PHACOMORPHIC GLAUCOMA
Phacomorphic glaucoma is caused by closure of the anterior chamber angle by a large mature cataract. A pupillary block mechanism may play a role. The initial treatment includes topical antiglaucoma medication(s) and systemic CAI; hyperosmotic agents may be necessary as well (see 9.4, Acute Angle Closure Attack). Can be mistaken for pupillary ACG, however, the anterior chamber may be more uniformly shallow compared to prominent iris bombé in a purely pupillary block mechanism. A laser iridotomy may be effective in relieving any degree of pupillary block, although this may only be a temporizing measure. Cataract extraction is the definitive treatment.

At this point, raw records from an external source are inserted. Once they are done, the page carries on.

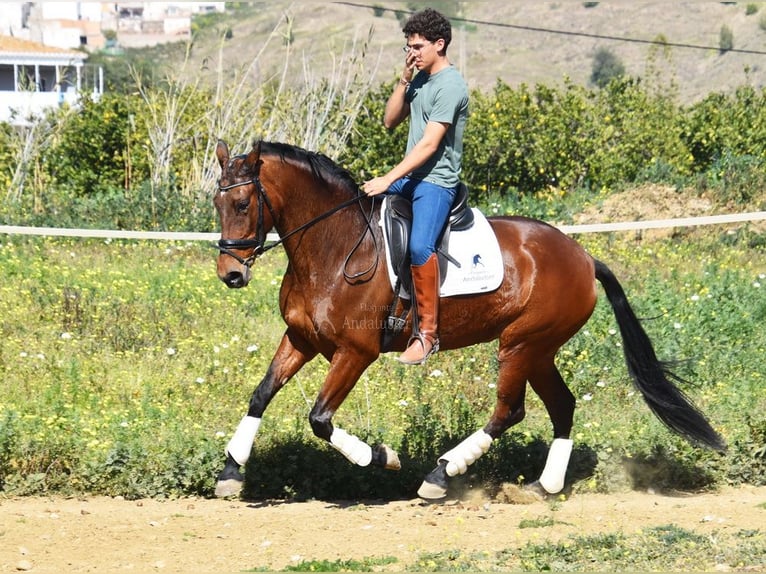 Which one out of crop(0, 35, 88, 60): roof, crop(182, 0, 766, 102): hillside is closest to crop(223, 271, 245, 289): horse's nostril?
crop(0, 35, 88, 60): roof

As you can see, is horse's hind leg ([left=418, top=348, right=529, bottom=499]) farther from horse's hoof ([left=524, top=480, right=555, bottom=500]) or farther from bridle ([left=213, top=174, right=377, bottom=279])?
bridle ([left=213, top=174, right=377, bottom=279])

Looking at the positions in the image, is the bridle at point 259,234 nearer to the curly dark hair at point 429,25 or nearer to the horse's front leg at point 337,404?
the horse's front leg at point 337,404

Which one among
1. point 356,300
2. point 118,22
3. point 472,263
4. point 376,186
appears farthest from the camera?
point 118,22

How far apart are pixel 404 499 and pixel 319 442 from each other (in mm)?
789

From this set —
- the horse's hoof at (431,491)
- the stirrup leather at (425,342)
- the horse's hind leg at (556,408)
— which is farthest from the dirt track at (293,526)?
the stirrup leather at (425,342)

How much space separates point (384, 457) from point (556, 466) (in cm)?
128

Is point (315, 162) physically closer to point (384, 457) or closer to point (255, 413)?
point (255, 413)

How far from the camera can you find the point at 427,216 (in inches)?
281

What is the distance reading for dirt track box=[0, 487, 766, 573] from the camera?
6.10 metres

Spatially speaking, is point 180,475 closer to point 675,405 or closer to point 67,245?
point 675,405

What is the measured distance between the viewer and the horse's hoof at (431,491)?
7445mm

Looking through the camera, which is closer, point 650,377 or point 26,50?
point 650,377

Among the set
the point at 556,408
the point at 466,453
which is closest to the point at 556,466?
the point at 556,408

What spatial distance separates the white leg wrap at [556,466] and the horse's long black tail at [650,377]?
749 millimetres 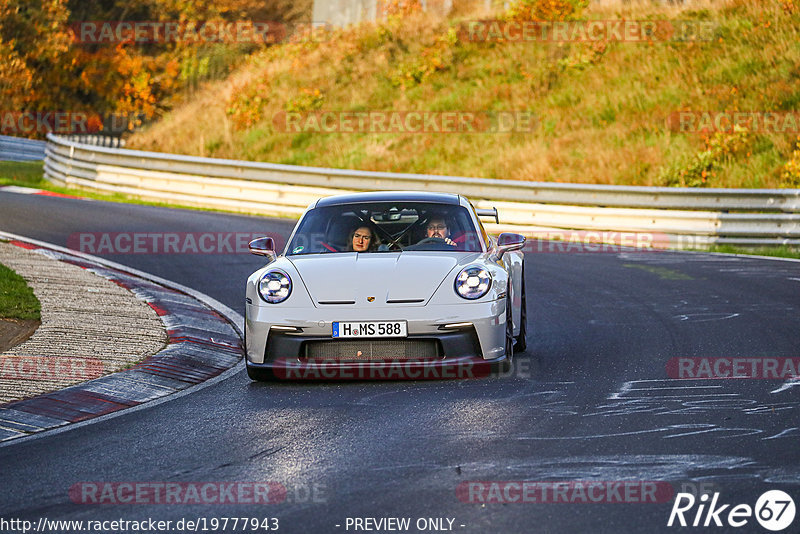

GLAUCOMA CAUSED BY LENS DISLOCATION OR SUBLUXATION
Lens dislocation/subluxation may be caused by trauma, pseudoexfoliation syndrome, or congenital zonular dysgenesis (e.g., Marfan syndrome, spherophakia). There are several ways lens dislocation can cause glaucoma. Pupillary block is the most common mechanism and can occur secondary to anterior displacement of the lens or vitreous plugging the pupil. A dislocated lens may become hypermature and cause phacolytic glaucoma (see 9.11.1, Phacolytic Glaucoma). Additionally, a dislocated/subluxed lens can lead to phacoantigenic glaucoma if associated with capsule violation (see 9.11.3, Phacoantigenic Glaucoma [Formerly Phacoanaphylaxis]). For treatment, laser iridotomy is usually indicated and necessary to relieve pupillary block. If lens is anteriorly dislocated, cycloplegics and face-up/supine head positioning are helpful to allow lens to fall back. Antiglaucoma medications are employed. Avoid miotics. Surgical lens removal is often needed, occasionally through a pars plana approach. See 13.2, Subluxed or Dislocated Crystalline Lens, for a more in-depth discussion.